### What the task requires
Repeat the listing exactly. Any picture in it should be left out of the copy.

### Input data
_ _ _
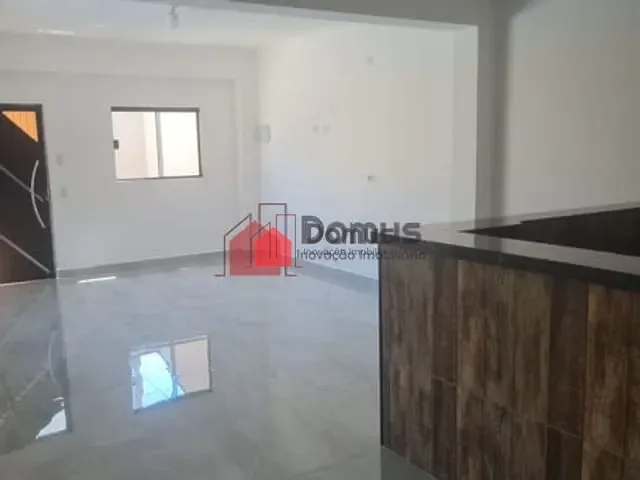 Casa com 204m², à venda, no bairro Res. Santa Clara em Pindamonhangaba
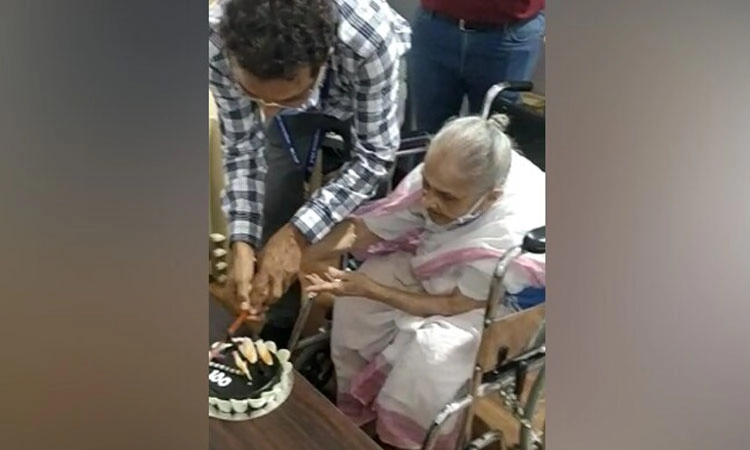 ಹುಟ್ಟಿದ ದಿನವೇ ಕೊವೀಡ್ ಲಸಿಕೆ ಪಡೆದ ‘100’ರ ಅಜ್ಜಿ
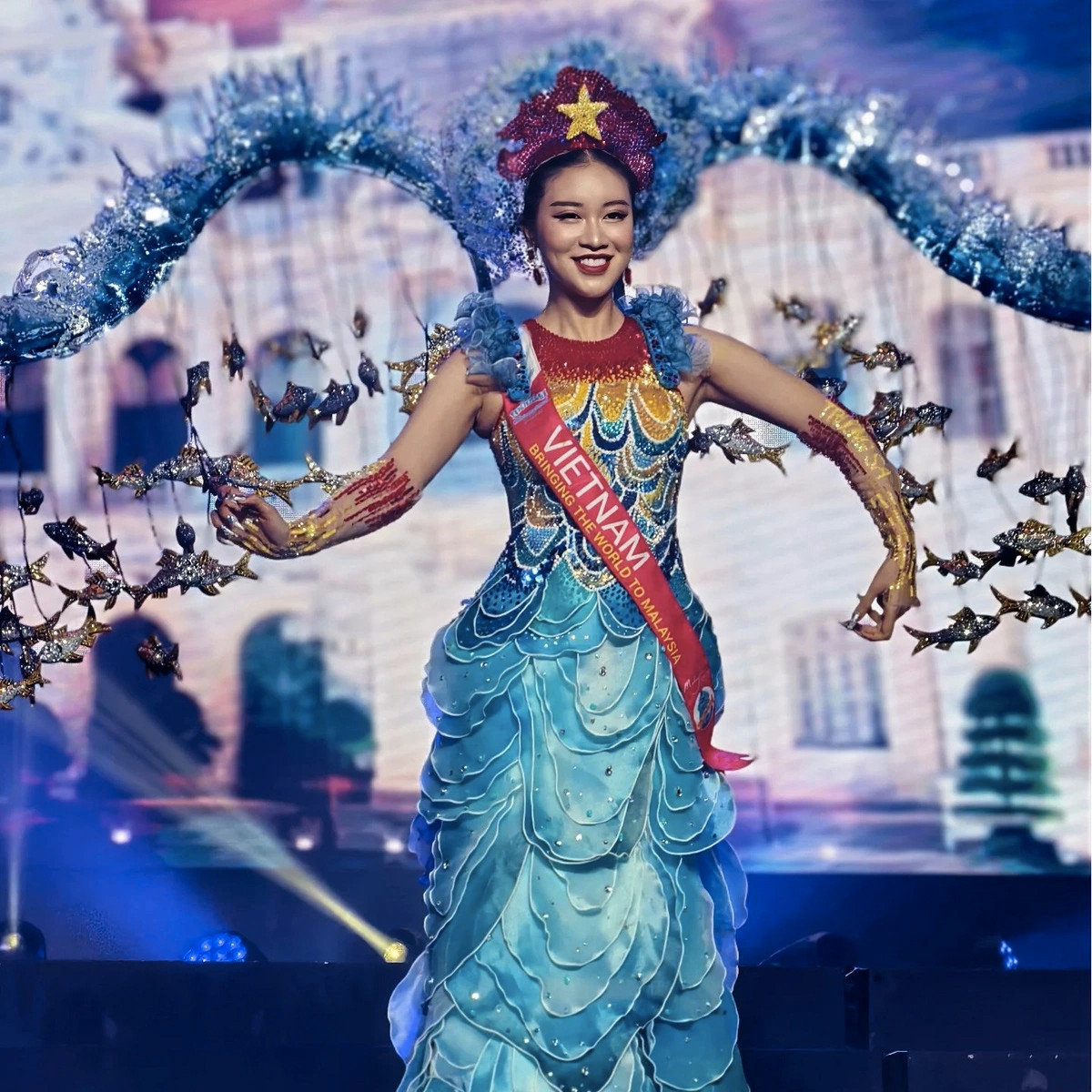 Đại diện Việt Nam - Vũ Quỳnh Trang dừng chân ở top 10 chung cuộc và nhận giải thưởng phụ Hoa hậu Đại sứ Du lịch Đông Nam Á cùng giải Trang phục dân tộc đẹp nhất.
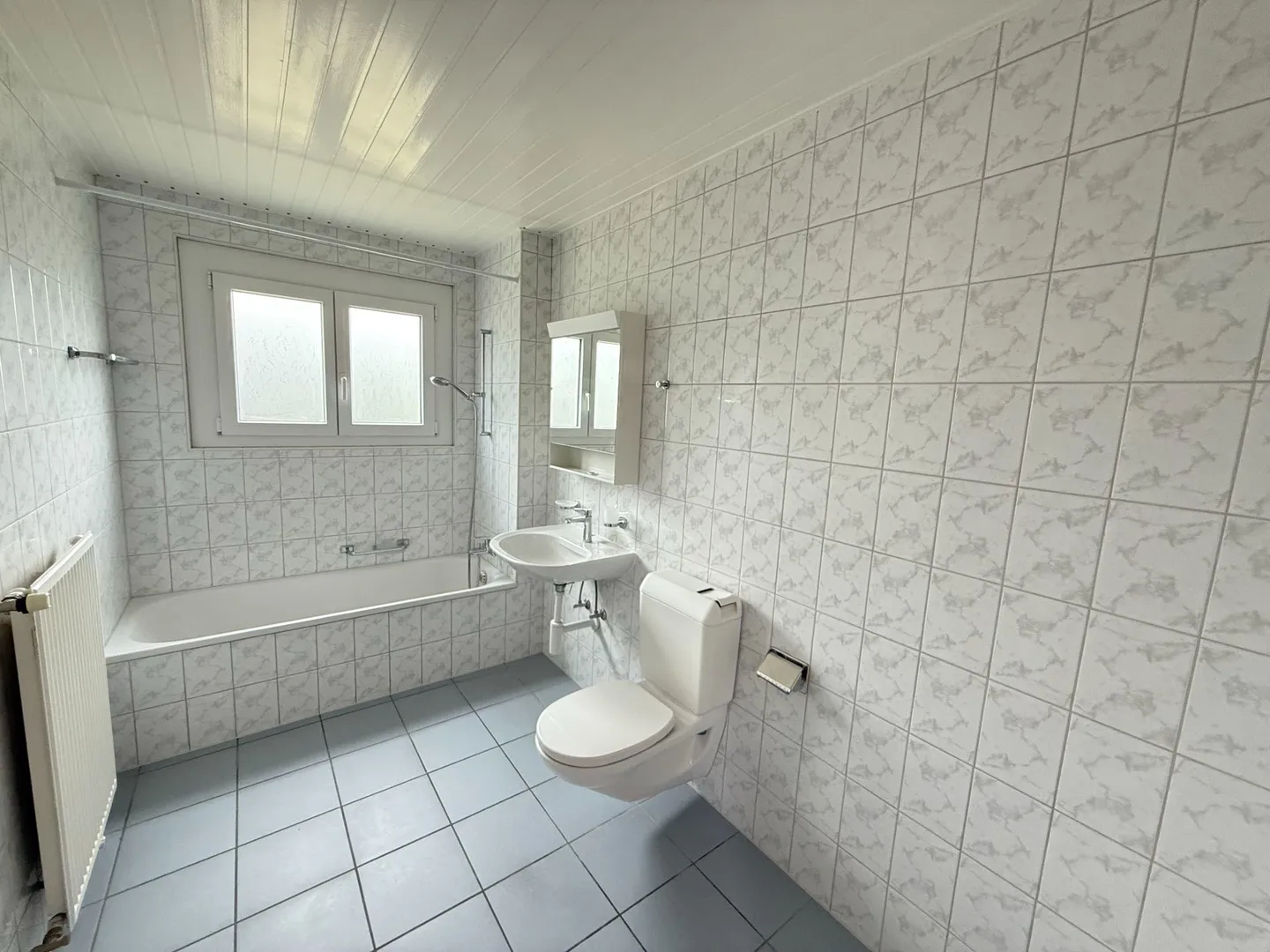 Rez de chaussée - Appartement pratique et abordable avec place de parc et JARDIN COMMUN - Photo 9 sur 13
_ _ _
### Task response
 Casa com 204m², à venda, no bairro Res. Santa Clara em Pindamonhangaba
 ಹುಟ್ಟಿದ ದಿನವೇ ಕೊವೀಡ್ ಲಸಿಕೆ ಪಡೆದ ‘100’ರ ಅಜ್ಜಿ
 Đại diện Việt Nam - Vũ Quỳnh Trang dừng chân ở top 10 chung cuộc và nhận giải thưởng phụ Hoa hậu Đại sứ Du lịch Đông Nam Á cùng giải Trang phục dân tộc đẹp nhất.
 Rez de chaussée - Appartement pratique et abordable avec place de parc et JARDIN COMMUN - Photo 9 sur 13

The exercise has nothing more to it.